Aim of the task => Your task is to return the listing below word for word, without any of its images.

(Dataset content)

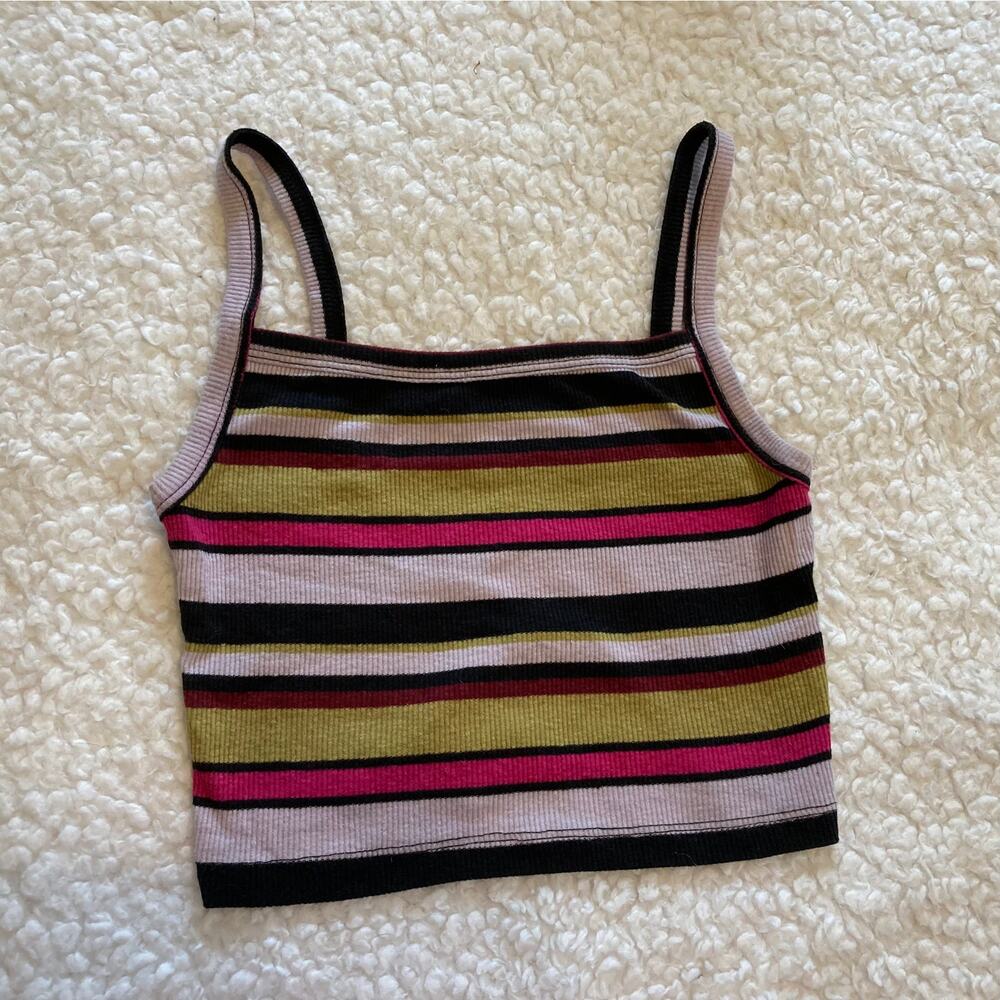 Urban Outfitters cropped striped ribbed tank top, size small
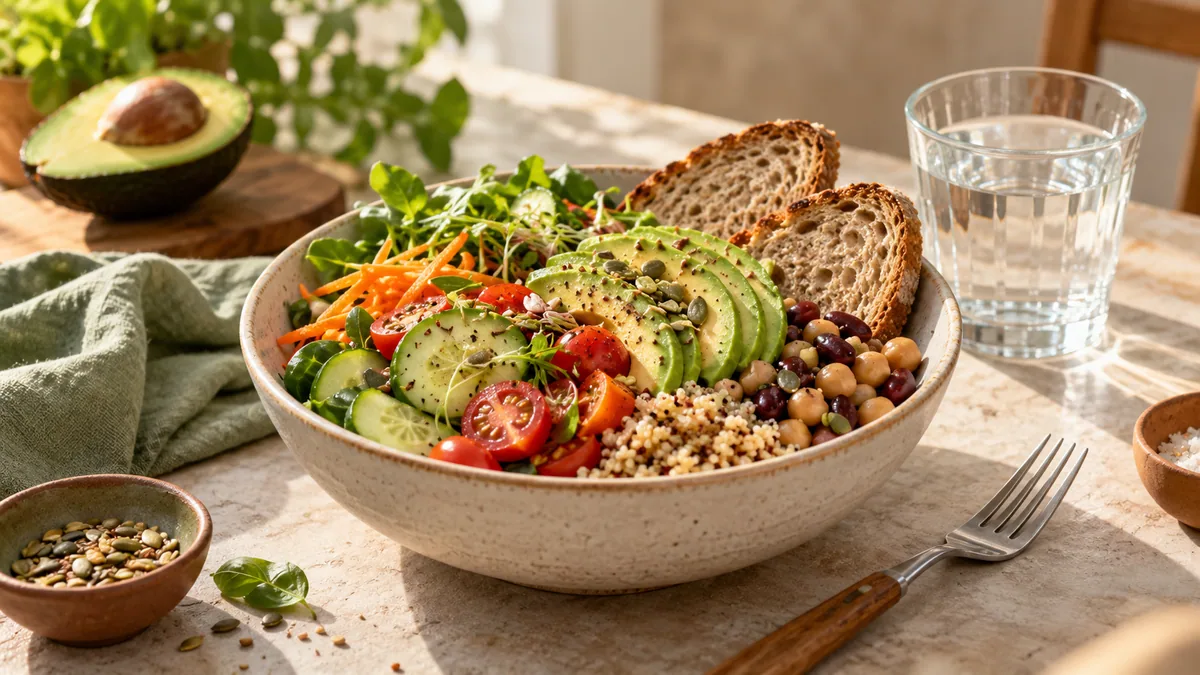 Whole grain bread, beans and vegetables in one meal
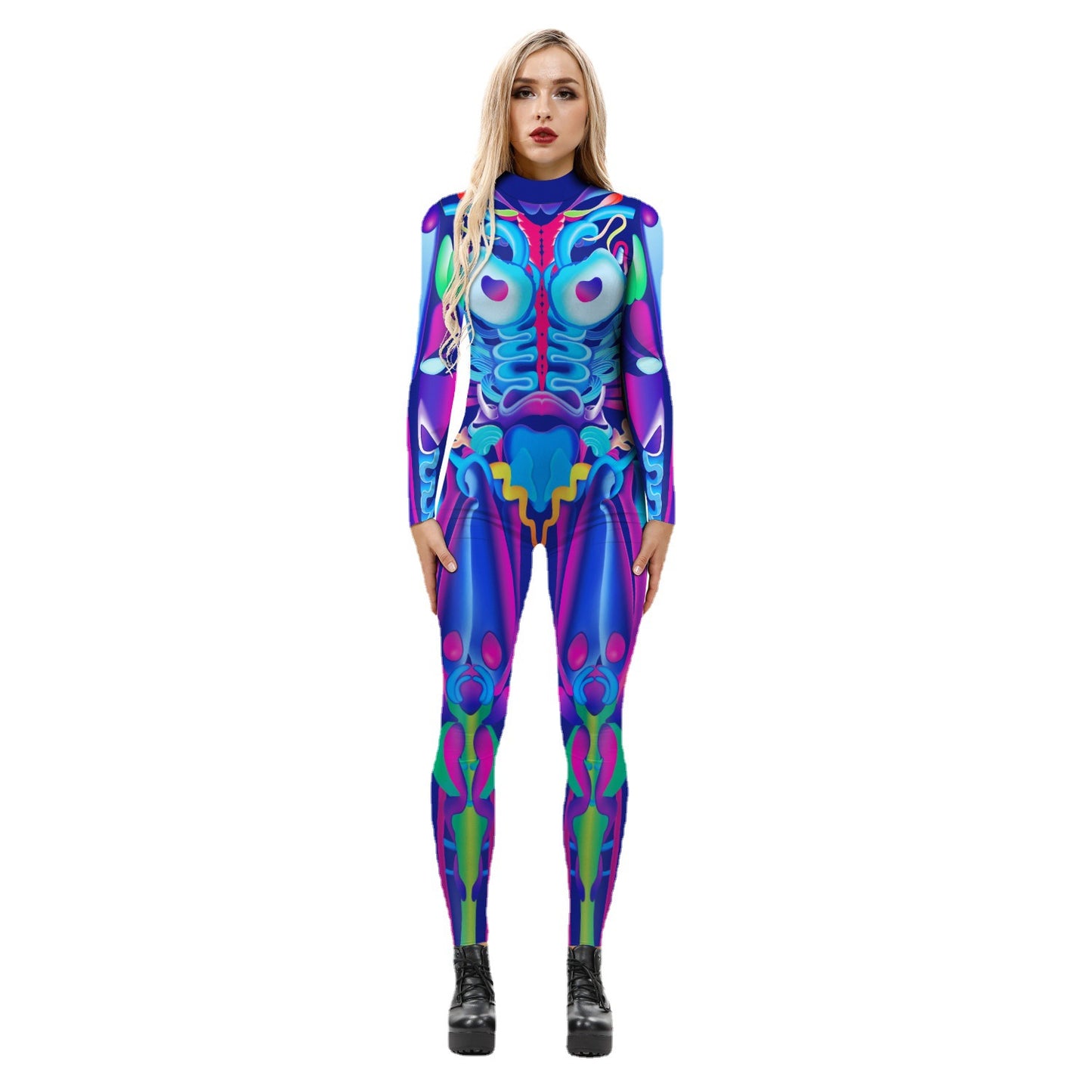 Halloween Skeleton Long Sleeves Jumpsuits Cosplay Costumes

(End Dataset content)

Task response =>
 Urban Outfitters cropped striped ribbed tank top, size small
 Whole grain bread, beans and vegetables in one meal
 Halloween Skeleton Long Sleeves Jumpsuits Cosplay Costumes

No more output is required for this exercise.